I don't know what to make of the man. Gabriel admires him. But this man uses his courage to divide people. I decide not to make judgments about him, but to think about how far my courage goes. I want to offer to go to Mahmoud's house and pray for his mother, but I'm afraid. Peter is petrified about all the things that could happen if we go there, but he's willing to go with me anyway if Mahmoud allows it. I decide to offer Mahmoud a visit to his mother with the purpose of praying for her - in Jesus' name. If he allows it, it's the right thing to do.

It's becoming more and more clear to me that I'm not only in Egypt to do sightseeing. I know that I am here to pray for Egypt. That also means, to pray for all the Egyptians I meet, in some form or other - whether it be through a visit to their home, or a silent lifting up that person in my heart to God.

After the botanic island, Mahmoud and his motor boat driver drop us off at the mainland.  Peter wants to show me parts of the souk we missed the last time.  "Here there are no tourists," he says.  "People leave you in peace."  It is wonderful.  We watch people worshipping at a mosque.  The doors are open - anyone can see them.  Amazing, this land, where people can worship God so openly - at least, as long as they're Muslims.  But these Muslims are obviously devoted to God, and it feels good to witness such sincerity.  We see live animals for sale, brilliant vegetables, I buy some jojoba oil at a reasonable price.  

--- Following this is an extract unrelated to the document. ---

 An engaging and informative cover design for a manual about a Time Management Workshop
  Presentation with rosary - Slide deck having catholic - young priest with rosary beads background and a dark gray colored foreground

 There's a donkey, laden with crates twice as high as his body. 

We are delighted - off guard.  And my stomach is bothering me.  This, after thinking I'd avoided any problems.  We pass a little shop with strange gourds.  The shop keeper lets us touch the gourd.  "It's good for an upset stomach," he says.  I tell him I'm having problems.  "Then I have just what you need.  Come inside."  We come inside, and learn that he is a doctor from Khartoum.  He knows all about herbal medicine.  And he really seems to know his stuff.  He gives me a first-rate massage, except his hands get a little high on my crotch, and I tell him to stop.  He stops instantly.  He gives me tea for my stomach.  He asks about other ailments.  I open up and tell him about pains in my hand.  By the time we leave, we are rid of another €100, and are loaded down with creams, a huge bag of fenugreek, and herbs for every imaginable kind of ailment.  We've been hoodwinked again.  When will we ever learn?

That night before bed, Peter says, "I think I know how they get us.  It's when we mention any kind of physical problem.  We have to keep quiet, never mentioning any problems, any interest, and never go into a shop.  Then we should be OK."

Ah, well, maybe the herbs and creams will help me.  It could be worse.  I have loved the entire experience, except maybe the moment when the hands of my Sudanese "doctor" reached just a little too high on my legs.  I'm prepared for a new day, new adventures.  I pray for Mahmoud and Gabriel, that they find wives, that they get more customers.  And I pray for Mahmoud's mother.